* Problem details
Lines from the one containing "y=-0.6x^3-1" through the last line of the data are to be returned exactly, both ends included, minus any pictures.

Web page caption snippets
== Segment start ==

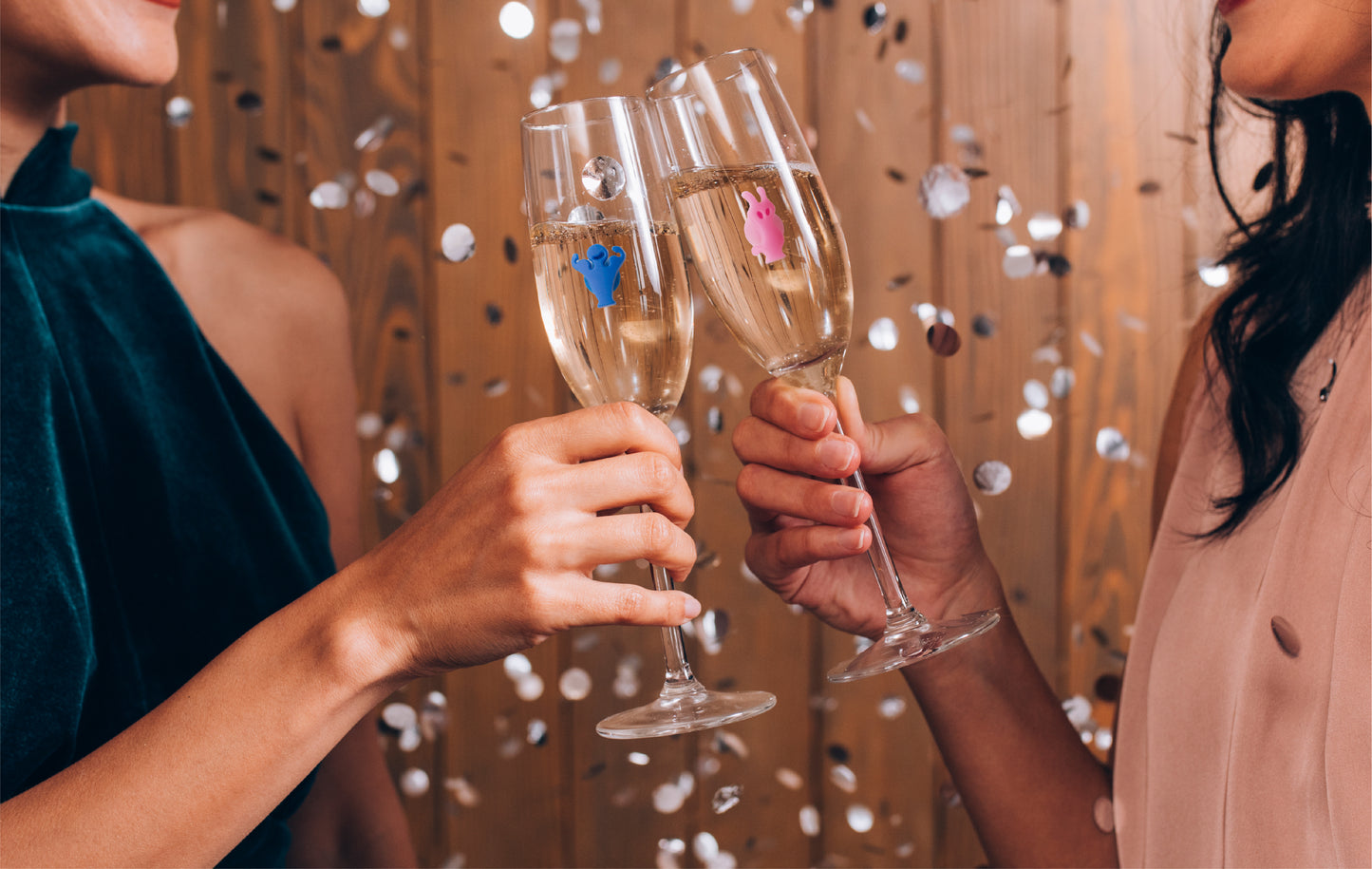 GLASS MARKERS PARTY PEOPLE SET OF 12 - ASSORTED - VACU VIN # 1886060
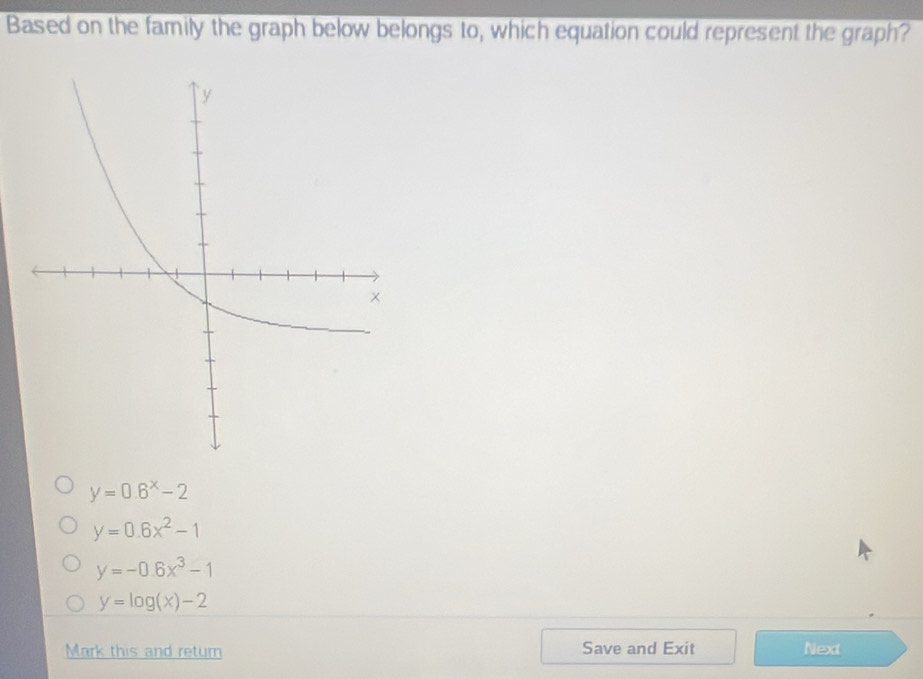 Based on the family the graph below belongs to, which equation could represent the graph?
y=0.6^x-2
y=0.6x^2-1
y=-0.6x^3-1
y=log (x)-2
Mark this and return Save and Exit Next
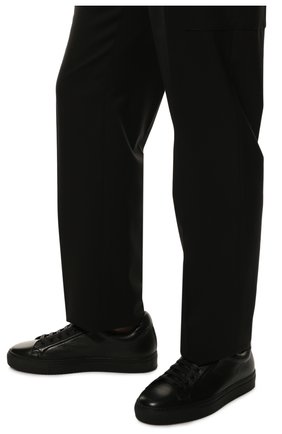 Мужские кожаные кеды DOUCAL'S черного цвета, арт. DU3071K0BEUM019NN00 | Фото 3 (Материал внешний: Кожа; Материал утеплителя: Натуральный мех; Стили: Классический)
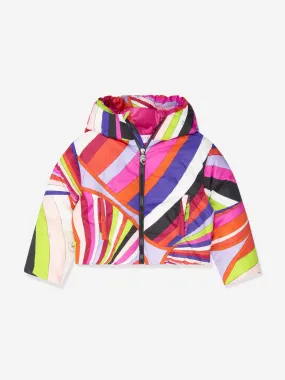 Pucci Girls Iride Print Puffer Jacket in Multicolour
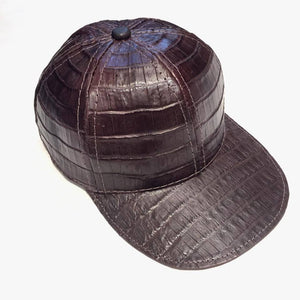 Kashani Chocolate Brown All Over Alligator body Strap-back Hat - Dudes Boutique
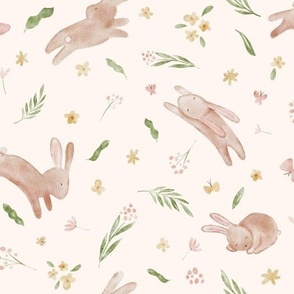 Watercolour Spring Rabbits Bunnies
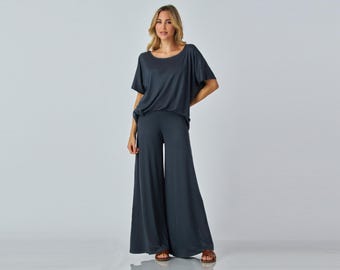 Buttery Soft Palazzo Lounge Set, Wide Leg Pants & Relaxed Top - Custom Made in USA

== Segment end ==

* Response area
y=-0.6x^3-1
y=log (x)-2
Mark this and return Save and Exit Next
 Мужские кожаные кеды DOUCAL'S черного цвета, арт. DU3071K0BEUM019NN00 | Фото 3 (Материал внешний: Кожа; Материал утеплителя: Натуральный мех; Стили: Классический)
 Pucci Girls Iride Print Puffer Jacket in Multicolour
 Kashani Chocolate Brown All Over Alligator body Strap-back Hat - Dudes Boutique
 Watercolour Spring Rabbits Bunnies
 Buttery Soft Palazzo Lounge Set, Wide Leg Pants & Relaxed Top - Custom Made in USA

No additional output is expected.